Wie kann ich eine Erbausschlagung anfechten?
Natürlich kann es passieren, dass Sie als Erbe eine Erbschaft ausschlagen – und dann stellt sich plötzlich heraus, dass der Verwandte doch mehr als Schulden zu vererben hatte. In solchen Fällen kann man seine eigene Erbausschlagung nachträglich anfechten. Dies wäre dann eine Anfechtung wegen eines Irrtums (§ 119 Abs. 2 BGB). Dieses Recht haben Sie als Erbe, wenn Sie irrtümlich davon ausgegangen sind, dass der Nachlass überschuldet oder wertlos ist. Aber: Nicht möglich ist eine solche Anfechtung, wenn man sich nur über den Wert des Nachlasses an sich geirrt hat.
Die Einzelheiten und Fristen dazu regeln die Vorschriften der §§ 1954, 1955 und 1945 BGB. Danach erfordert die Anfechtung wieder eine Erklärung gegenüber dem Nachlassgericht. Wichtig: Hat der Erbe die Erbschaft nur ausgeschlagen, weil er ohne genauere Recherche aufgrund von Hörensagen oder Verwandtschafts-Tratsch gedacht hat, dass sie wertlos ist, kann das Gericht eine Anfechtung der Erbausschlagung ablehnen. Als Erbe muss man sich also schon die Mühe machen und sorgfältig recherchieren (Beschluss des OLG Düsseldorf vom 5.9.2008, Az. I-3 Wx 123/08).
Tipp: Erben sollten zum Beispiel ein Vermögensverzeichnis des Nachlasses erstellen, das alle Guthaben, Vermögenswerte und Verbindlichkeiten ausweist.
Beispiel: Anfechtung einer Erbausschlagung
Das Oberlandesgericht Düsseldorf erlaubte einer Erbin, ihre Erbausschlagung anzufechten. Diese hatte das Erbe ihrer Nichte ausgeschlagen, die bei einem Flugzeugabsturz ums Leben gekommen war. Die Nichte hatte zwar kein nennenswertes Vermögen gehabt. Allerdings gehörten zum Erbe auch fünfstellige Schmerzensgeldansprüche gegen die Fluggesellschaft wegen ausgestandener Todesangst beim Absturz. Von diesen Ansprüchen hatte die Tante zum Zeitpunkt der Erbausschlagung nichts gewusst.

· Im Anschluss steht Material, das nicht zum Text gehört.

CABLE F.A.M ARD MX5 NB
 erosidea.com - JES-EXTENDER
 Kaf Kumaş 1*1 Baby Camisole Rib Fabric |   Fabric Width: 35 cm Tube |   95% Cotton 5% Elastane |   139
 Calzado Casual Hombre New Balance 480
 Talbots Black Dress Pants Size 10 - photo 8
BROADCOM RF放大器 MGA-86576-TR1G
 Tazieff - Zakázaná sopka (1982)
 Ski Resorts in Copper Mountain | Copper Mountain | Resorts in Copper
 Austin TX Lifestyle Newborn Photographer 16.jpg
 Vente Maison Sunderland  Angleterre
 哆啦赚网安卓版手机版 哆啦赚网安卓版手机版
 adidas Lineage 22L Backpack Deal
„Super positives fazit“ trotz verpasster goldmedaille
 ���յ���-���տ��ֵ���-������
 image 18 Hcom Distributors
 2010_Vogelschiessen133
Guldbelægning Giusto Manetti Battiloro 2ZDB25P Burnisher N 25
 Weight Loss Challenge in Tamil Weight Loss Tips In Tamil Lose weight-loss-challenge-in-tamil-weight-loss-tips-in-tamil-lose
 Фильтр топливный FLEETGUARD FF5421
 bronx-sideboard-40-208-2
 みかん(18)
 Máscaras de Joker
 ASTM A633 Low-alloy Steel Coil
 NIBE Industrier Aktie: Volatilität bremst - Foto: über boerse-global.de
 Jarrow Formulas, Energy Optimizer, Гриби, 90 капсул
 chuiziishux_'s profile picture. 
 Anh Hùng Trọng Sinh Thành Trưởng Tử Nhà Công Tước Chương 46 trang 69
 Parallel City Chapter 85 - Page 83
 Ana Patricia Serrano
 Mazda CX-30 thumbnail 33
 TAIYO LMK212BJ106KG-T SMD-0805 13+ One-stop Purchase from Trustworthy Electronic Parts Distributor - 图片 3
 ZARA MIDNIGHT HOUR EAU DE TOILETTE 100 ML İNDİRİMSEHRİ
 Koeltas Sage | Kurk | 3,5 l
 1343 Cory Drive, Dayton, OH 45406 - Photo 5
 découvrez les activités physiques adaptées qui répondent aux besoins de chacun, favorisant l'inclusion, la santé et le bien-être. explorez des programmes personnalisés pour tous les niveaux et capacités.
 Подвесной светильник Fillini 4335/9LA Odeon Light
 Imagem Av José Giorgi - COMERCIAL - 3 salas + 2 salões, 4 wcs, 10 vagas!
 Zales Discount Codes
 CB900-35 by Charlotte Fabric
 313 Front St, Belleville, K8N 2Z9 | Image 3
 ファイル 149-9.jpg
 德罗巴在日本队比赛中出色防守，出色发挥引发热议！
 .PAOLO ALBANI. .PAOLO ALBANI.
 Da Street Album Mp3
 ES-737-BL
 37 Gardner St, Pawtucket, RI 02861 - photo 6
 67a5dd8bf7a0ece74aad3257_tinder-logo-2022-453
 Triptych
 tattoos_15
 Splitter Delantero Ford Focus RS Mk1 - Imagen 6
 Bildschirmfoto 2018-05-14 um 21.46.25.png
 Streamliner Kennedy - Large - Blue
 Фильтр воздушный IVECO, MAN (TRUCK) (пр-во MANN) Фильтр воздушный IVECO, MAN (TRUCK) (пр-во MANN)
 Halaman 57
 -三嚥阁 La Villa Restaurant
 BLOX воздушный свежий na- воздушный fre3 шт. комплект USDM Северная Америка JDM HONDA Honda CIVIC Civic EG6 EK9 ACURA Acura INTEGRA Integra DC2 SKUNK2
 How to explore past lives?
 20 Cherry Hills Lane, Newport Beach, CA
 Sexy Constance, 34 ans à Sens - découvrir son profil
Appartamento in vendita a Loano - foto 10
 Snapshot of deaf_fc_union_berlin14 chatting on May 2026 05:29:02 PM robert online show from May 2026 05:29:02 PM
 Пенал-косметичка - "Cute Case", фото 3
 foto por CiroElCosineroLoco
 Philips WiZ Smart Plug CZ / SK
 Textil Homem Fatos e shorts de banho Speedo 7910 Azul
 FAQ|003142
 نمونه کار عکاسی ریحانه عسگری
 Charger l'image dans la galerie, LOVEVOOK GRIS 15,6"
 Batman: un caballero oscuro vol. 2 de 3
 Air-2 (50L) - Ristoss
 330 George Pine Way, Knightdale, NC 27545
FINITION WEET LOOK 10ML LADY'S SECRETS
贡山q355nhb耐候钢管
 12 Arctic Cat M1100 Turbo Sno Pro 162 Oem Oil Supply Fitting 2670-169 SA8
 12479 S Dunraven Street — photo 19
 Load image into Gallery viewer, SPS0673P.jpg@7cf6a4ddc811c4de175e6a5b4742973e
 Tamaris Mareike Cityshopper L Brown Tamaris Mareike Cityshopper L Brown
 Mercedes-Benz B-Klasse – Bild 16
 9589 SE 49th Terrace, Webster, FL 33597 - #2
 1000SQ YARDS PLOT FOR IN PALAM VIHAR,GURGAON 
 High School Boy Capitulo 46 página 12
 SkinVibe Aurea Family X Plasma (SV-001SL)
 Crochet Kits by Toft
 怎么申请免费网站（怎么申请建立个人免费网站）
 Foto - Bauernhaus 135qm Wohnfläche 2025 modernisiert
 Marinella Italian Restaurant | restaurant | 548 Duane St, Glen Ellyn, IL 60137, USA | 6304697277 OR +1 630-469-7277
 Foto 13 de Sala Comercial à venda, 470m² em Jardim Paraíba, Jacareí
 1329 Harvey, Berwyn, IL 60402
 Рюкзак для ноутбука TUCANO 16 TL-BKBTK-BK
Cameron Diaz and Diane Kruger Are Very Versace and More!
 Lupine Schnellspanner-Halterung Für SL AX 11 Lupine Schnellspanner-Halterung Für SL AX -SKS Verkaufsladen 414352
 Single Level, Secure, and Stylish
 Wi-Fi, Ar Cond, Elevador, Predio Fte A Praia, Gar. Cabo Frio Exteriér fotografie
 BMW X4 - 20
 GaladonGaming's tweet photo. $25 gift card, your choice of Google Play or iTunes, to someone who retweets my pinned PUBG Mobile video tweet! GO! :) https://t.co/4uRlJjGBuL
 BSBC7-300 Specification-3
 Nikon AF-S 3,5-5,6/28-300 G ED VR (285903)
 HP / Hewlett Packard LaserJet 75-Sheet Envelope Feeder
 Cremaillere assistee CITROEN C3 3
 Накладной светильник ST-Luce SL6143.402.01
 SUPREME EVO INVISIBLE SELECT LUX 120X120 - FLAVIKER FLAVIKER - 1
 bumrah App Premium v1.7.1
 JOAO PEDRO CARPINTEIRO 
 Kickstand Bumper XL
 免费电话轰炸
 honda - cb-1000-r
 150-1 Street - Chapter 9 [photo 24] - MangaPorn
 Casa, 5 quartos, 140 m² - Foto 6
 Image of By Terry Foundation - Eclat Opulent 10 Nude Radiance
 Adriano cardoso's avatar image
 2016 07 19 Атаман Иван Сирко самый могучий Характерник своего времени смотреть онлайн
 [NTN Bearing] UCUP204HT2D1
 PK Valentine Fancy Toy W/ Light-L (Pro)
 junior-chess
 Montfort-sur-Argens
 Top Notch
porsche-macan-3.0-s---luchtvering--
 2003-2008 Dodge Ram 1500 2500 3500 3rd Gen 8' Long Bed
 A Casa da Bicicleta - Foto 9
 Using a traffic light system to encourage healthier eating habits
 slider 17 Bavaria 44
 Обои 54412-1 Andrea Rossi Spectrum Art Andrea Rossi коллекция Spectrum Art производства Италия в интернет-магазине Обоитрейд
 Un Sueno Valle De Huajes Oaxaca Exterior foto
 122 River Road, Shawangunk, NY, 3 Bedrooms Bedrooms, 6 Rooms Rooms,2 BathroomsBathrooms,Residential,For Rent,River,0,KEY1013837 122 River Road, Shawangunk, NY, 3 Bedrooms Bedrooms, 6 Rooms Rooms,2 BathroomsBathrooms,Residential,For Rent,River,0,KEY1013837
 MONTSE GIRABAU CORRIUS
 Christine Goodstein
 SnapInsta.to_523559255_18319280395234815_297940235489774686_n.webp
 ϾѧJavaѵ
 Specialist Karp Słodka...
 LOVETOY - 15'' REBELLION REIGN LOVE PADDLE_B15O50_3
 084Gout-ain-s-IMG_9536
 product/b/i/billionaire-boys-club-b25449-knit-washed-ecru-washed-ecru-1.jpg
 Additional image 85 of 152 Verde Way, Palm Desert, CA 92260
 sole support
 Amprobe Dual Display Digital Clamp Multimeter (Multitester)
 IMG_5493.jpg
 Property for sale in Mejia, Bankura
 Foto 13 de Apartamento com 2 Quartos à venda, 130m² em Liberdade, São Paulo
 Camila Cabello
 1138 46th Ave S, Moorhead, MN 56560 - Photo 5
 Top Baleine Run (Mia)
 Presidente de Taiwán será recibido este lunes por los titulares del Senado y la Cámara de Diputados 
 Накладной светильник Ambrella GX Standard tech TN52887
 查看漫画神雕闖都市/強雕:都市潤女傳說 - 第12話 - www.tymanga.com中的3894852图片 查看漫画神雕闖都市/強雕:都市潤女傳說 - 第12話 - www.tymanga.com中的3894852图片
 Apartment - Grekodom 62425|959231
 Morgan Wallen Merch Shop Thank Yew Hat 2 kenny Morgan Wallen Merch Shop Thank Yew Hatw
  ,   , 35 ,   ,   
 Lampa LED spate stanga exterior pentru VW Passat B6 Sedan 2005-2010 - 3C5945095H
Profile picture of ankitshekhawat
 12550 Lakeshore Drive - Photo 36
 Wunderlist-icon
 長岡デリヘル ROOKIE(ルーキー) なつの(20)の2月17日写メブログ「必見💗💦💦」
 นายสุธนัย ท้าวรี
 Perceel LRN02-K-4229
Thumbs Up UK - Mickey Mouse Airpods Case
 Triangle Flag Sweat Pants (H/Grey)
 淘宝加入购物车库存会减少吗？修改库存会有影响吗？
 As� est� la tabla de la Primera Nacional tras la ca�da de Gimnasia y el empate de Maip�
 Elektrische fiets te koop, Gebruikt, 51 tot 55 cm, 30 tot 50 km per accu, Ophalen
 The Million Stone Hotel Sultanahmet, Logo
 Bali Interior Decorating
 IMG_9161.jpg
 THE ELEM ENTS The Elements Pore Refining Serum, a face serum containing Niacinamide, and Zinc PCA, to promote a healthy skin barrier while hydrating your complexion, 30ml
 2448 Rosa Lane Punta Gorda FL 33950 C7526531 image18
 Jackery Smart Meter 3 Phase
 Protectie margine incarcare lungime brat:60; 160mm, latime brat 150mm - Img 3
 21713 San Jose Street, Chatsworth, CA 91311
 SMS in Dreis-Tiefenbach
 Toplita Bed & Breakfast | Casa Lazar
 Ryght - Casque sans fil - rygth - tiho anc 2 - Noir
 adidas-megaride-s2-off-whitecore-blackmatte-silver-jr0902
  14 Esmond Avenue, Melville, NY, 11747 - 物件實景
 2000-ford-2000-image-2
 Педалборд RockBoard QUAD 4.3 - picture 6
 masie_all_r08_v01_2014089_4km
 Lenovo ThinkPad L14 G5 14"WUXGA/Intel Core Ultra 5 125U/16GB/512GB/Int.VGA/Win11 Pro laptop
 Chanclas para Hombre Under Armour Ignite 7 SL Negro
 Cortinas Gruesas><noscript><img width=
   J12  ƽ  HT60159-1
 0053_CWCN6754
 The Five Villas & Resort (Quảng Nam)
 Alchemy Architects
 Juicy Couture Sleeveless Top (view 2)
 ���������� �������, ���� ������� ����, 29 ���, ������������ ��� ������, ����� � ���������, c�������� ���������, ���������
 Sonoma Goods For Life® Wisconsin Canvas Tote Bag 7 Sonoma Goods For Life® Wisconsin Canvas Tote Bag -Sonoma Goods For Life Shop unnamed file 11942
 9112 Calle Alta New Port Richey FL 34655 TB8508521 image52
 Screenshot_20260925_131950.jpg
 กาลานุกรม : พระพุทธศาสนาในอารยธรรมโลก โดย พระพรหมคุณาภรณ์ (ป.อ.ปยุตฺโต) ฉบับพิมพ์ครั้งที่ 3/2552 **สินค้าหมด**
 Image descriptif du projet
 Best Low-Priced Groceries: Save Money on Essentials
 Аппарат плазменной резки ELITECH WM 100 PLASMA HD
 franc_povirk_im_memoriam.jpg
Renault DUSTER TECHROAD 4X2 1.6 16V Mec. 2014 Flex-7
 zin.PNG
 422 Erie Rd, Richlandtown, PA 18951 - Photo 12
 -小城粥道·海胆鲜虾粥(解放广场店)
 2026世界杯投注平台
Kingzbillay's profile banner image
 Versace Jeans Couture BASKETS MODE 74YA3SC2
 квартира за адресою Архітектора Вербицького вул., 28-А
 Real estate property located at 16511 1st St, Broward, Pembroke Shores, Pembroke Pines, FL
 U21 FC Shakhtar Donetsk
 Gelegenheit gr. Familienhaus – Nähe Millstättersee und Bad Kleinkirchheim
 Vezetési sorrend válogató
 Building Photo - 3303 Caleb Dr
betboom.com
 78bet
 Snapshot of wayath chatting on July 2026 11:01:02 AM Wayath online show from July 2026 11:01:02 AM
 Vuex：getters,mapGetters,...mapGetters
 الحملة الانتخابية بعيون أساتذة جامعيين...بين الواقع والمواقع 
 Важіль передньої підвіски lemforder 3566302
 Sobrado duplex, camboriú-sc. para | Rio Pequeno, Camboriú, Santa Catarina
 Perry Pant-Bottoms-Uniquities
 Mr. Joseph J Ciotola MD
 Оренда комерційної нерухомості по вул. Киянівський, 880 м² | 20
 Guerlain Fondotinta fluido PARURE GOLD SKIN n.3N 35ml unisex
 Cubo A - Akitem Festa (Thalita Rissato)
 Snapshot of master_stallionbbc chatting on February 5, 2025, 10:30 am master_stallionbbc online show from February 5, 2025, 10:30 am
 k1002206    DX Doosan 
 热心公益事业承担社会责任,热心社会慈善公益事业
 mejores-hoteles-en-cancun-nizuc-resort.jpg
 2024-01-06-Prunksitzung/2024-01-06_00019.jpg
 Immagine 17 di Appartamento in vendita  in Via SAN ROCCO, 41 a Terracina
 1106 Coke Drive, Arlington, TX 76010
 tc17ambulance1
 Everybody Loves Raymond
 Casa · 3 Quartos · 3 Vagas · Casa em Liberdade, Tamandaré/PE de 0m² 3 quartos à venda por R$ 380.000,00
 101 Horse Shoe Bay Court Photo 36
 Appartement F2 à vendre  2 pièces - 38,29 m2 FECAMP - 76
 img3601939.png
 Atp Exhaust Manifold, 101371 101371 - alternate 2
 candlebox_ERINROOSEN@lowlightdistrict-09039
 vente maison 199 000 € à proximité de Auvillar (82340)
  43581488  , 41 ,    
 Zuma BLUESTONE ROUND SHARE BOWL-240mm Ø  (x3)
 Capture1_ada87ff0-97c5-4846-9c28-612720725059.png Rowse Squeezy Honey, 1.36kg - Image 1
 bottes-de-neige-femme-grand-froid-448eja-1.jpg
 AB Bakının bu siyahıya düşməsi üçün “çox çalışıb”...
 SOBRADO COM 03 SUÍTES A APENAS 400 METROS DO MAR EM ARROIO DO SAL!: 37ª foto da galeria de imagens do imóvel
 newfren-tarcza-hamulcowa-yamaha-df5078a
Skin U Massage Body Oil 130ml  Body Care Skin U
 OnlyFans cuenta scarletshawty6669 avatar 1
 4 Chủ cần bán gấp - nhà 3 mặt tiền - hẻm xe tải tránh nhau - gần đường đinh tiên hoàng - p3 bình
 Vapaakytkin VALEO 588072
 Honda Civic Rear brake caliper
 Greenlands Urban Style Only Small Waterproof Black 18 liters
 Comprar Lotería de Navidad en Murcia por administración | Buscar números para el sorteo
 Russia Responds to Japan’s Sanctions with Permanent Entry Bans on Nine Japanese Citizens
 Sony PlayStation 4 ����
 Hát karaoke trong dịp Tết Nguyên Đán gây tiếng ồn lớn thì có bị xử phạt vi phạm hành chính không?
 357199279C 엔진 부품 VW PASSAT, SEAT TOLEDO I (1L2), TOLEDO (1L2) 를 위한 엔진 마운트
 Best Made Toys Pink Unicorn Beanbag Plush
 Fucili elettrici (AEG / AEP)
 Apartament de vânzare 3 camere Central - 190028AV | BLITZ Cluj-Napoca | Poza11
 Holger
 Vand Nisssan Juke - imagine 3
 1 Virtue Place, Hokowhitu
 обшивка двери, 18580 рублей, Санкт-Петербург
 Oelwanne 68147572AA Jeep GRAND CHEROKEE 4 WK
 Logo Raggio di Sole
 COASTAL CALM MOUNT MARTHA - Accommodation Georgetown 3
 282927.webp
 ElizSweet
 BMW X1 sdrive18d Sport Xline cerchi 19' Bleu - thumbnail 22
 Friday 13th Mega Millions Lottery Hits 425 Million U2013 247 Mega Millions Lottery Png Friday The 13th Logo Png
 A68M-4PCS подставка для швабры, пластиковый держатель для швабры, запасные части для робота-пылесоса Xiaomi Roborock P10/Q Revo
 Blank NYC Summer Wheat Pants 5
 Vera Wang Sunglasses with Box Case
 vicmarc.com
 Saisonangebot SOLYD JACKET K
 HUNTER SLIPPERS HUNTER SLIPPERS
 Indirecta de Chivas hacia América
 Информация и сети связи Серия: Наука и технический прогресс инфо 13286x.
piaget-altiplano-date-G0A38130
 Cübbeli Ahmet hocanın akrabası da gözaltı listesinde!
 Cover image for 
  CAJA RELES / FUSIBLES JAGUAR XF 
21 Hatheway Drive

Dies sah das Gericht als einen Irrtum über eine wesentliche Eigenschaft des Nachlasses an (Beschluss vom 16.11.2016, Az. I-3 Wx 12/16).
Praxistipp zur Erbausschlagung
Haben Sie geerbt und sind sich nicht sicher, ob Sie das Erbe ausschlagen sollen? Ein Fachanwalt für Erbrecht kann Sie zu allen Fragen rund um die Ausschlagung der Erbschaft kompetent beraten. Denken Sie aber daran, dass Sie nur wenig Zeit zum Handeln haben, denn es läuft eine Frist von meist sechs Wochen.